• [Supplied records]
------------------------

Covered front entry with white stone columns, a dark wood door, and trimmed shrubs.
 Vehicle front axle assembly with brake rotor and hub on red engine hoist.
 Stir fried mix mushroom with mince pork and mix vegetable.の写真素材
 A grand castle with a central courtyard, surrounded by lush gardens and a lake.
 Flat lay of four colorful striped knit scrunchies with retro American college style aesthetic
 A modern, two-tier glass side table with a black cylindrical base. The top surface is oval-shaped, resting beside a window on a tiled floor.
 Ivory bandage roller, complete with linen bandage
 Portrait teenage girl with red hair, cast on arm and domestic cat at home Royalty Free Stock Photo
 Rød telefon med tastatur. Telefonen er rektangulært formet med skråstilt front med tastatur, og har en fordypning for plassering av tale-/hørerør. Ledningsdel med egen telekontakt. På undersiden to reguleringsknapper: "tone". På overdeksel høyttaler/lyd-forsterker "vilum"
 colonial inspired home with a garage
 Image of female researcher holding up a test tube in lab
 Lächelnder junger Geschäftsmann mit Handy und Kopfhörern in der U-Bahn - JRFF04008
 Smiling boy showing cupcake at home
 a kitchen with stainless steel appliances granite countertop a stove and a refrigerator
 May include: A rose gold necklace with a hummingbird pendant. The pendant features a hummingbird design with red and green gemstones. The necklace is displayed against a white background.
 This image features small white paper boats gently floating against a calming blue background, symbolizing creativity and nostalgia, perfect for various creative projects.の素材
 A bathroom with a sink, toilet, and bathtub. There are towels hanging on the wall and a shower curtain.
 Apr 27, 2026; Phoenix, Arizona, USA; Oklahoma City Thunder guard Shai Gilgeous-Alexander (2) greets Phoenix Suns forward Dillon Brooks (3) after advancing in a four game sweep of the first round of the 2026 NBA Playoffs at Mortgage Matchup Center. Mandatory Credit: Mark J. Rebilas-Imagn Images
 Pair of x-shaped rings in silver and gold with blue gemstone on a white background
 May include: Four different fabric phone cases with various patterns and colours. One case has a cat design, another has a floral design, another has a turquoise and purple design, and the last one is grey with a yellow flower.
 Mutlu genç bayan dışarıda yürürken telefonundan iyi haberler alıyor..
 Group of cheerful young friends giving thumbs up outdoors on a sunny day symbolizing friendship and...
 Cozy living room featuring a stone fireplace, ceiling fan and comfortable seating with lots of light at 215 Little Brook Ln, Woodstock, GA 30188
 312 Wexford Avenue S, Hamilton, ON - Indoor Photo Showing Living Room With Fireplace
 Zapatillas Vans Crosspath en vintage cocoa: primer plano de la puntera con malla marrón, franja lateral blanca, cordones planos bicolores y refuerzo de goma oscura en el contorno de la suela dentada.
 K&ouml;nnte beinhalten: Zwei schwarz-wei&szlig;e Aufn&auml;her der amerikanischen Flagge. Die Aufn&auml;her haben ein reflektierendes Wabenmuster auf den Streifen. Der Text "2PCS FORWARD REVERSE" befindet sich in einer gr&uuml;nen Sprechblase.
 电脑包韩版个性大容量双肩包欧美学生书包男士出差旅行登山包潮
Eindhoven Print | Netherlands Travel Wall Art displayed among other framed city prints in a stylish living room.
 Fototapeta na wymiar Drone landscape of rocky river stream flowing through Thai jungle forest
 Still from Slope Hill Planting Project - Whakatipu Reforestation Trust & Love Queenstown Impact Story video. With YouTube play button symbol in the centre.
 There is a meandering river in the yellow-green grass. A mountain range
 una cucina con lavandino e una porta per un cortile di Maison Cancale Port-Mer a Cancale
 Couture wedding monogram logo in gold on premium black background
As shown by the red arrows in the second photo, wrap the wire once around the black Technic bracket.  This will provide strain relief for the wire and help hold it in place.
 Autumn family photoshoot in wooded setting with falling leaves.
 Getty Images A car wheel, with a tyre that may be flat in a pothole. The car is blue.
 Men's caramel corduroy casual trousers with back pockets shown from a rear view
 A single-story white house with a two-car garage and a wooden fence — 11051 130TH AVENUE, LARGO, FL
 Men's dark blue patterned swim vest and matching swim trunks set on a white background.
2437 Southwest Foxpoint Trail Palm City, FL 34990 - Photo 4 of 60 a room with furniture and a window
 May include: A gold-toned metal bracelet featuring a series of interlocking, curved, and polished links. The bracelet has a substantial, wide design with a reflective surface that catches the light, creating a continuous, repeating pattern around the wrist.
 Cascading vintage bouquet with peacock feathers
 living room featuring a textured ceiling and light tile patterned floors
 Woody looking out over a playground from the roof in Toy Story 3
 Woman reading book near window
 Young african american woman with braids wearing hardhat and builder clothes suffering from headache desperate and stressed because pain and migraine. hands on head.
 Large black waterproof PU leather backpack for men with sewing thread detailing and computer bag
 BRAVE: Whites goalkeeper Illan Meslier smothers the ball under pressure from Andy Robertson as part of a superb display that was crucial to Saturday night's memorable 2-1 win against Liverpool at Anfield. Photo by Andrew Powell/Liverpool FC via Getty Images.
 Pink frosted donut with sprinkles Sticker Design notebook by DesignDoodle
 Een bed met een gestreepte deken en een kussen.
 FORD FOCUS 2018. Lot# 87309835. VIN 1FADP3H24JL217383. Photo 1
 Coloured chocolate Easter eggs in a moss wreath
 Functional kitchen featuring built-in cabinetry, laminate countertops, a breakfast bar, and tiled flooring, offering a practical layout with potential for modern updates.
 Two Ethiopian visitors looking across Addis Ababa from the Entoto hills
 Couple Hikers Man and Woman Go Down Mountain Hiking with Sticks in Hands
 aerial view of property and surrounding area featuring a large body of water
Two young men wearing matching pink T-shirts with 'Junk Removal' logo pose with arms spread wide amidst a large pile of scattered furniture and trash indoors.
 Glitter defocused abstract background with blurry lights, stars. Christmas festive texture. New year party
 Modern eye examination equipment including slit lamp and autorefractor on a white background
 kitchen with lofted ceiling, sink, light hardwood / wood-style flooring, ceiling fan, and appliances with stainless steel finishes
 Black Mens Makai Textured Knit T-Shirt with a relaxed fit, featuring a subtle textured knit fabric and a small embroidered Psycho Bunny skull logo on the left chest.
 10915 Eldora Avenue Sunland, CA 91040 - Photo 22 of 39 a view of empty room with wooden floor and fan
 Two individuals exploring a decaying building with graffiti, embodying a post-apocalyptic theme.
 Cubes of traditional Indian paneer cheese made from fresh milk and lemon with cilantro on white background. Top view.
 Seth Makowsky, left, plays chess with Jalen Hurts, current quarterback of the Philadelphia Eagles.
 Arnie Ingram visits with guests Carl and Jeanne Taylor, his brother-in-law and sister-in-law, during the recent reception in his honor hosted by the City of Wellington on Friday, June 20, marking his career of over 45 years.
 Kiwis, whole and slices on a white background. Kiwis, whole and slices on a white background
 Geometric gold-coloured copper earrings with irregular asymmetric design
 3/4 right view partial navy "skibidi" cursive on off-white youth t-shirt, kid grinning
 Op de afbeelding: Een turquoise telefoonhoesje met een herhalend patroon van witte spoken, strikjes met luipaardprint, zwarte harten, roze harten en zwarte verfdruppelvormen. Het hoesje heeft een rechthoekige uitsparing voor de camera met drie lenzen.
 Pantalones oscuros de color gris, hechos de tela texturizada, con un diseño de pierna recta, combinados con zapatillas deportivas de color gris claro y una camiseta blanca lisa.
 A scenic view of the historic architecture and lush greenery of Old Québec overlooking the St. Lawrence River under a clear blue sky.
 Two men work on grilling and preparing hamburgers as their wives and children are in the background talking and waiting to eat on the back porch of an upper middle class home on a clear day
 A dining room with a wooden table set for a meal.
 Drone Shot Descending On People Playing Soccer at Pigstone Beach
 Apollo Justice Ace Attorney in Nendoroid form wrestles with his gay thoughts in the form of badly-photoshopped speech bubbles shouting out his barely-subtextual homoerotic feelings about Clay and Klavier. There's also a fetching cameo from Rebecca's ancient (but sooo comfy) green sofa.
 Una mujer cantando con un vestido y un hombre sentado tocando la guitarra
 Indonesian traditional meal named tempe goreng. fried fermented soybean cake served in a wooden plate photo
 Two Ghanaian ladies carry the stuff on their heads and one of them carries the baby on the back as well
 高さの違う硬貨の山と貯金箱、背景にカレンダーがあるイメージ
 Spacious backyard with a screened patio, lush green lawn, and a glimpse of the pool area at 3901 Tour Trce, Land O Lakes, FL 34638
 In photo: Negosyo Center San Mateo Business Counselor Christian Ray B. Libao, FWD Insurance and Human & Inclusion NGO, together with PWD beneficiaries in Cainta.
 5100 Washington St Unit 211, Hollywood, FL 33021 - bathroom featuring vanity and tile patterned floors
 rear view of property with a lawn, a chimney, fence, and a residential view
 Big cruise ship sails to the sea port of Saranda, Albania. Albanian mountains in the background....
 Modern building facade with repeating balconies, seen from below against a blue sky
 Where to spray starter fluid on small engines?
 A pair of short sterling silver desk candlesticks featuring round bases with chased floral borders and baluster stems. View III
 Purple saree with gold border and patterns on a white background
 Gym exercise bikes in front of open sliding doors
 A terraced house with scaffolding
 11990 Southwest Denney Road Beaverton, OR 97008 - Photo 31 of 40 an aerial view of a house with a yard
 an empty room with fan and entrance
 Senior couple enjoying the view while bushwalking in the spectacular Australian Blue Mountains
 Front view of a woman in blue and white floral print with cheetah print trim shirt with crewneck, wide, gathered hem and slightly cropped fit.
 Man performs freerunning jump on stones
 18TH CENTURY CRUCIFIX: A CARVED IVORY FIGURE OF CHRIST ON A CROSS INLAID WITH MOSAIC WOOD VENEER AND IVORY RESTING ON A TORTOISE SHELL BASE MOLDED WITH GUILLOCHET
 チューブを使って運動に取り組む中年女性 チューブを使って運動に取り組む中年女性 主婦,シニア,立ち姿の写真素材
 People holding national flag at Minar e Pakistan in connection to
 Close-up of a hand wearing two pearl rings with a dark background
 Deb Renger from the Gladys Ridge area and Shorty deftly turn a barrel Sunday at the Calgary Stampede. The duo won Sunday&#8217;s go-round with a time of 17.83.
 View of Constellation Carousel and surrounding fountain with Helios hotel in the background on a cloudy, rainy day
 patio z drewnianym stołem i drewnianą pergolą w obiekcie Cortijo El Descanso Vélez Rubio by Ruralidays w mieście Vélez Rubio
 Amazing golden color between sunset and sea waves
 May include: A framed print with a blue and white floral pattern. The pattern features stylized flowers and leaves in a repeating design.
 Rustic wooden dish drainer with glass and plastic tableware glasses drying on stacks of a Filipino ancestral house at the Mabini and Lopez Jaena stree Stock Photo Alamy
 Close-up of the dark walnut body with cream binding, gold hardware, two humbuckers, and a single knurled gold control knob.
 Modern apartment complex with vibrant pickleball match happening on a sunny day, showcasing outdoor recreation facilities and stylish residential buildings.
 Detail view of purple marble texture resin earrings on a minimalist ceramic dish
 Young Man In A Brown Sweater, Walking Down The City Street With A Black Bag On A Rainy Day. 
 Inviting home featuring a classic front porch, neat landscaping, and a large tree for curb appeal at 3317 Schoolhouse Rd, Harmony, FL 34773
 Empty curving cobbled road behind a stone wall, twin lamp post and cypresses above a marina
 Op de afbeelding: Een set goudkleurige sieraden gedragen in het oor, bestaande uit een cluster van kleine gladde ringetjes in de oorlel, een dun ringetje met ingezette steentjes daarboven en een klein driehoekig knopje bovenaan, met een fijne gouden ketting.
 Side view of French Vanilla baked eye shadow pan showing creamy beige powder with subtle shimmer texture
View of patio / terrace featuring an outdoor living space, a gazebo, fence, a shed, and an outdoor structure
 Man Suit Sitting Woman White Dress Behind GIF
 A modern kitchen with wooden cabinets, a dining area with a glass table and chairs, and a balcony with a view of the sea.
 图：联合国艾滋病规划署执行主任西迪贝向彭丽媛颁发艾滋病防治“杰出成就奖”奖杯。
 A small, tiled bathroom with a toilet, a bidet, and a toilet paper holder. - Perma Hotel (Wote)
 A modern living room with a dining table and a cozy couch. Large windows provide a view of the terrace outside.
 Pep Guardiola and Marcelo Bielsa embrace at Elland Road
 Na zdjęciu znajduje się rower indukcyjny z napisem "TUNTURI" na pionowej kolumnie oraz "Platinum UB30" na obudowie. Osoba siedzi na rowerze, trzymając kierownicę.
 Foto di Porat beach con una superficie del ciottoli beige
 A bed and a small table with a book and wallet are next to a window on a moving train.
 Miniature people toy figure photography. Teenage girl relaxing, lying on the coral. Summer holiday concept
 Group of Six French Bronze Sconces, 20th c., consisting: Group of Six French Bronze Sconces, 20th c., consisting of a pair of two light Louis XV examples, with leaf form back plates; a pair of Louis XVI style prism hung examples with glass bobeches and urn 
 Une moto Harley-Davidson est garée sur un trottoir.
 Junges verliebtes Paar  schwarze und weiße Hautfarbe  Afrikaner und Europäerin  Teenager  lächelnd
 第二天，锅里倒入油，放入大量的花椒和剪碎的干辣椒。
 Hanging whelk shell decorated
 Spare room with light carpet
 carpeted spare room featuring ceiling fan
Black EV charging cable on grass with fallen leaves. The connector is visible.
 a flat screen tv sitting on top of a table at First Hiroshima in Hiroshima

------------------------

• [Your objective]
Look through the data and gather every line with the string "post" in it.

• [Written solution]
 Two individuals exploring a decaying building with graffiti, embodying a post-apocalyptic theme.
 Empty curving cobbled road behind a stone wall, twin lamp post and cypresses above a marina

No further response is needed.